Why won't this split file script work?

Discussion in 'Perl Misc' started by Max, Jun 17, 2004.

  1. Max

    Max Guest

    I can't seem to figure out what I'm doing wrong, or maybe I'm just rushing
    as I need to split a 15000 line file into chunks.

    This script is supposed to work by giving the line number you want to start
    at and the line number you want to stop at. It should copy all lines in
    between the start and stop number to a file called $file-split. But it
    doesn't seem to work. If someone has a few minutes, can you tell me what
    I'm doing wrong.

    Thanks in advance.

    #!/usr/bin/perl

    $file = $ARGV[0];
    $start = $ARGV[1];
    $stop = $ARGV[2];

    print "$start\n";
    print "$stop\n";

    $cnt = 0;

    open (IN, "$file");
    open (OUT, "> $file-split");

    while (<IN>) {

    chomp;
    $cnt++;
    next if ($cnt lt $start);
    last if ($cnt gt $stop);
    print OUT "$_\n";
    }

    close (IN);
    close (OUT);
     
    Max, Jun 17, 2004
    #1
    1. Advertising

  2. [posted & mailed]

    On Thu, 17 Jun 2004, Max wrote:

    >This script is supposed to work by giving the line number you want to start
    >at and the line number you want to stop at. It should copy all lines in
    >between the start and stop number to a file called $file-split. But it
    >doesn't seem to work. If someone has a few minutes, can you tell me what


    >$cnt = 0;
    >
    >open (IN, "$file");
    >open (OUT, "> $file-split");
    >
    >while (<IN>) {
    >
    > chomp;
    > $cnt++;


    You can just use the $. variable instead of $cnt.

    > next if ($cnt lt $start);
    > last if ($cnt gt $stop);


    You're using string-wise operators. You want numerical comparisons:

    next if $. < $start;
    last if $. > $stop;

    > print OUT "$_\n";


    Why did you chomp() $_ if you're just going to print it with a newline at
    the end again?

    >}
    >
    >close (IN);
    >close (OUT);


    I'd write this as:

    while (<IN>) {
    print OUT if ($. == $start) .. ($. == $stop);
    last if $. == $stop;
    }

    That's using the .. operator (perldoc perlop).

    --
    Jeff Pinyan RPI Acacia Brother #734 RPI Acacia Corp Secretary
    "And I vos head of Gestapo for ten | Michael Palin (as Heinrich Bimmler)
    years.

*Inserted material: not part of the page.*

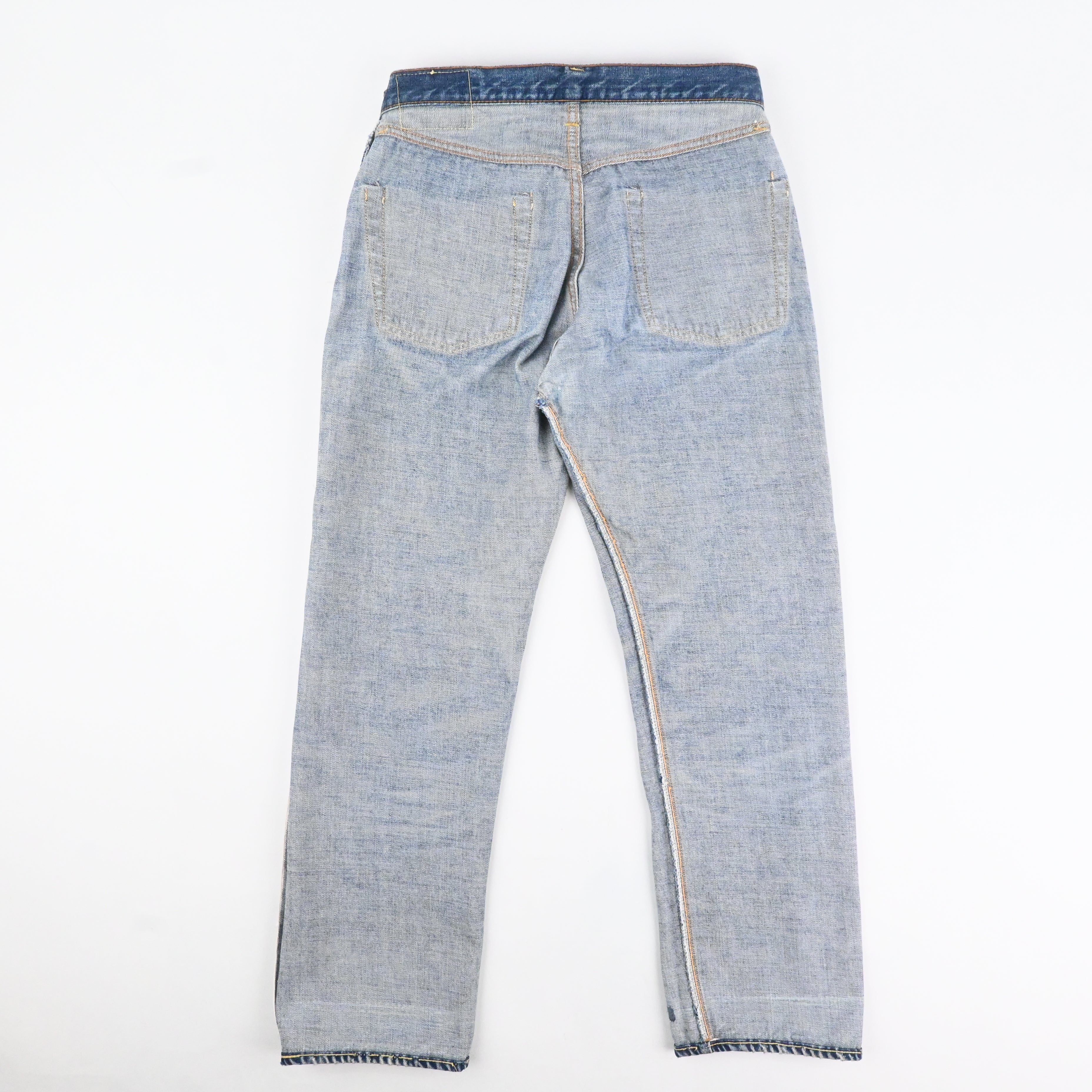 60's LEVI'S 501 "S"Type W33 L28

Ah! Five years! Nein! No! | in: The North Minehead Bye-Election
    Oh. Was NOT head of Gestapo AT ALL!" | (Monty Python's Flying Circus)
     
    Jeff 'japhy' Pinyan, Jun 17, 2004
    #2
    1. Advertising

  3. Max wrote:
    >
    > I can't seem to figure out what I'm doing wrong, or maybe I'm just rushing
    > as I need to split a 15000 line file into chunks.
    >
    > This script is supposed to work by giving the line number you want to start
    > at and the line number you want to stop at. It should copy all lines in
    > between the start and stop number to a file called $file-split. But it
    > doesn't seem to work. If someone has a few minutes, can you tell me what
    > I'm doing wrong.
    >
    > Thanks in advance.
    >
    > #!/usr/bin/perl


    You should enable warnings and strictures to let perl help you find
    mistakes.

    use warnings;
    use strict;


    > $file = $ARGV[0];
    > $start = $ARGV[1];
    > $stop = $ARGV[2];
    >
    > print "$start\n";
    > print "$stop\n";
    >
    > $cnt = 0;
    >
    > open (IN, "$file");
    > open (OUT, "> $file-split");


    You should *ALWAYS* verify that the files were opened correctly.

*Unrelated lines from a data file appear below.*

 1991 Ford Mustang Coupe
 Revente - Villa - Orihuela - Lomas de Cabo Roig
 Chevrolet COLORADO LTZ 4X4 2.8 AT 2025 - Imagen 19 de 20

    open IN, $file or die "Cannot open $file: $!";
    open OUT, "> $file-split" or die "Cannot open $file-split: $!";


    > while (<IN>) {
    >
    > chomp;
    > $cnt++;
    > next if ($cnt lt $start);
    > last if ($cnt gt $stop);


    You are using string comparison operators which are not doing what you
    seem to expect them to do.

    $ perl -le'
    for ( qw[ 1 2 3 4 10 11 12 13 14 20 21 22 23 24 100 200 300 ] ) {
    print if $_ lt "12"
    }
    '
    1
    10
    11
    100

    Note that '100' is less than '12'. You should be using numerical
    comparison operators instead. Also you don't need the $cnt variable as
    perl provides the $. variable which does the same thing.

    next if $. < $start;
    last if $. > $stop;


    > print OUT "$_\n";
    > }
    >
    > close (IN);
    > close (OUT);



    John
    --
    use Perl;
    program
    fulfillment
     
    John W. Krahn, Jun 17, 2004
    #3
  4. "Max" <> wrote in message
    news:<mJlAc.2227$>...
    > If someone has a few minutes, can you tell me what I'm doing wrong.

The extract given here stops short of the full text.